▸ Exercise aim: Within the entries below, please return exactly the lines from the one with "1742 Fleet St #204 — Photo 6" through the one with "يؤدون صلاة العيد", leaving out any pictures.

▸ Data extract:
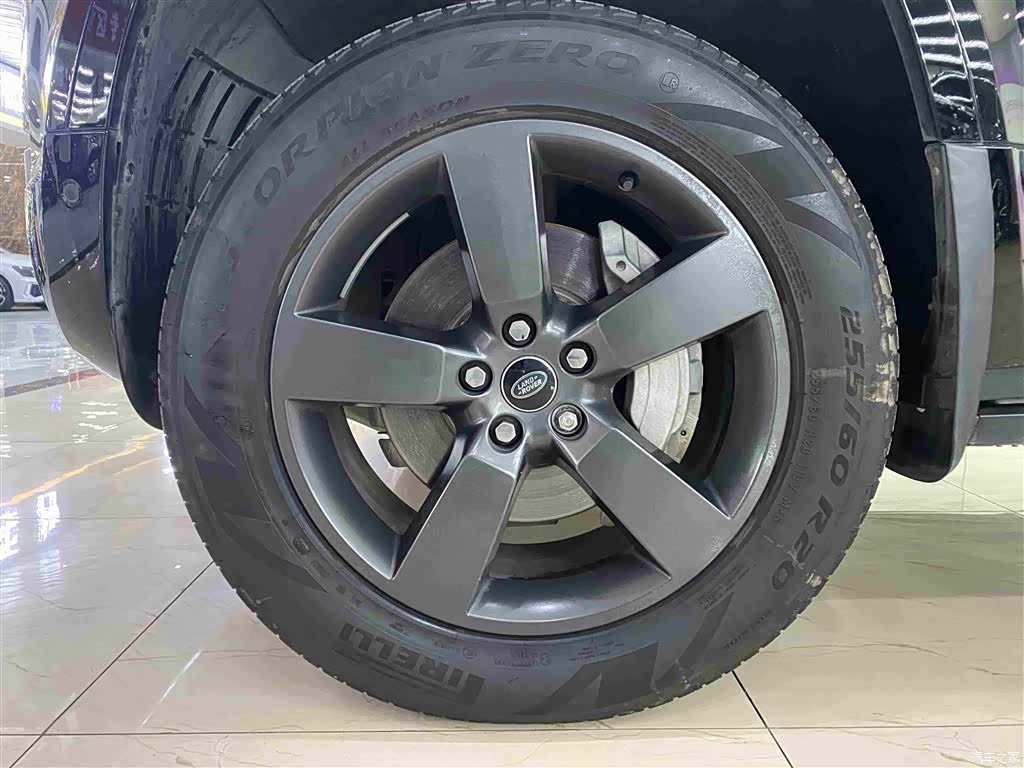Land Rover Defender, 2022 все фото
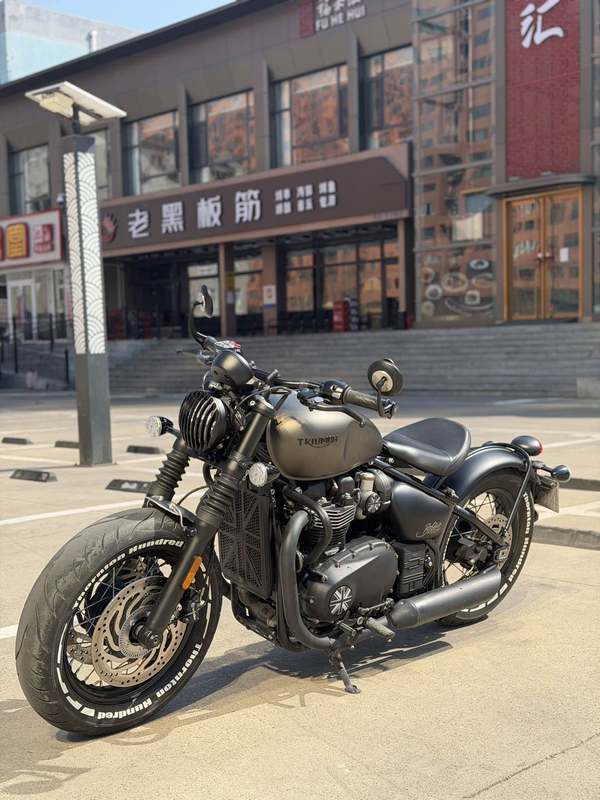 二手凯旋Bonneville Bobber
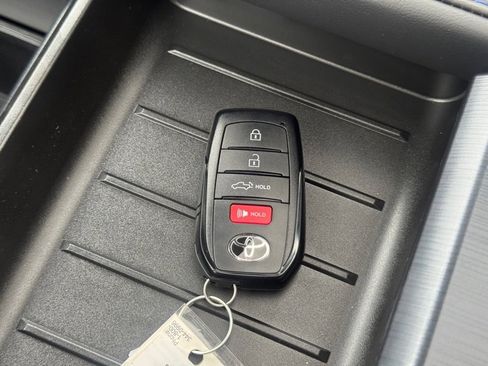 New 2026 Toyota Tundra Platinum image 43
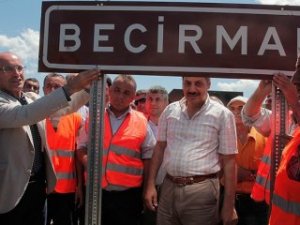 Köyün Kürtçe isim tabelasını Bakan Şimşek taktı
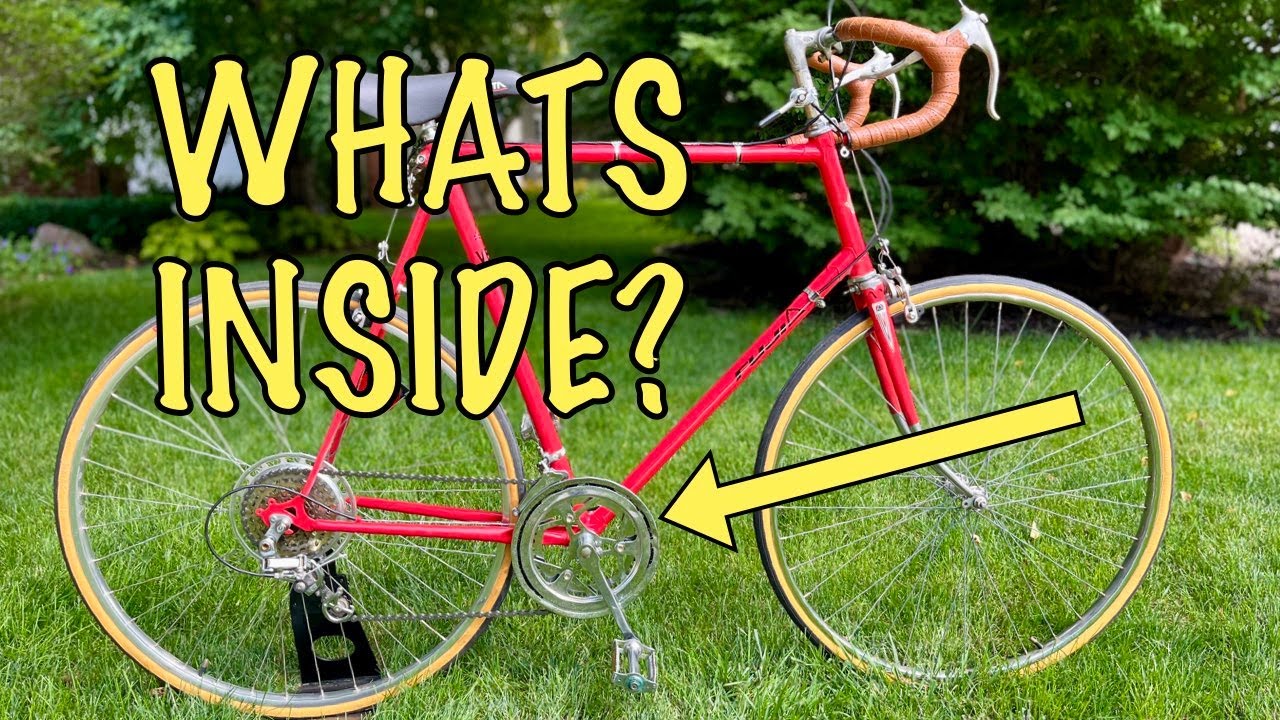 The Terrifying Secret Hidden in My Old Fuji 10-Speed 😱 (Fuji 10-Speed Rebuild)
---
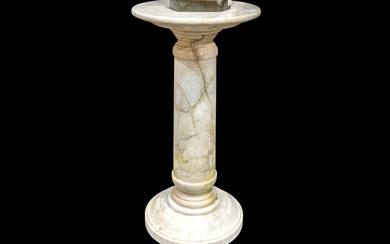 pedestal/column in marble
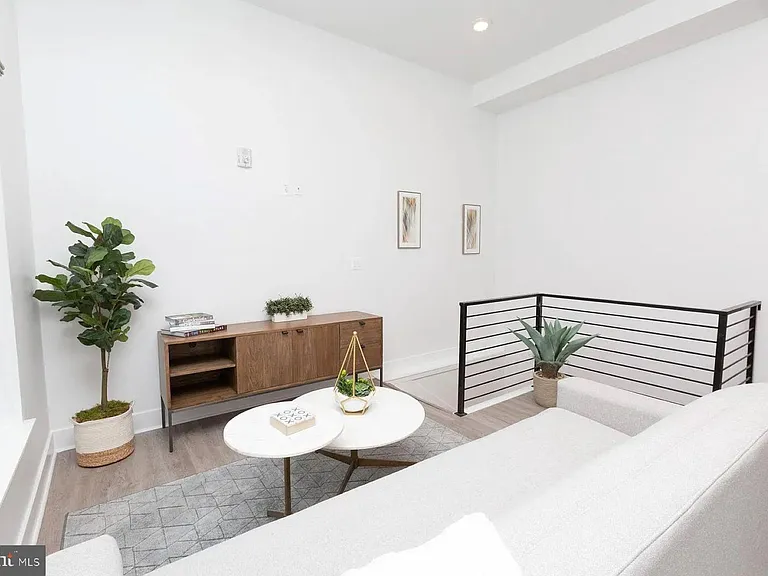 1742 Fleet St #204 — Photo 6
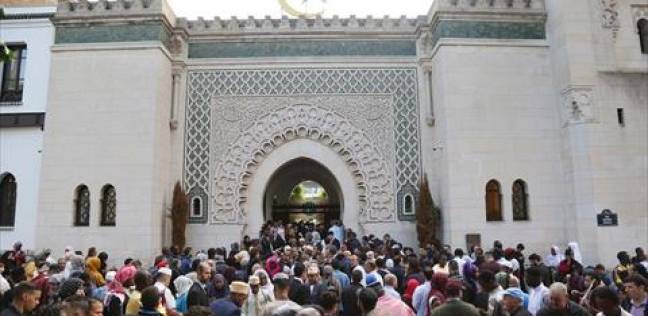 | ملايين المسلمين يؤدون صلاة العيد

▸ Task output:
 1742 Fleet St #204 — Photo 6
 | ملايين المسلمين يؤدون صلاة العيد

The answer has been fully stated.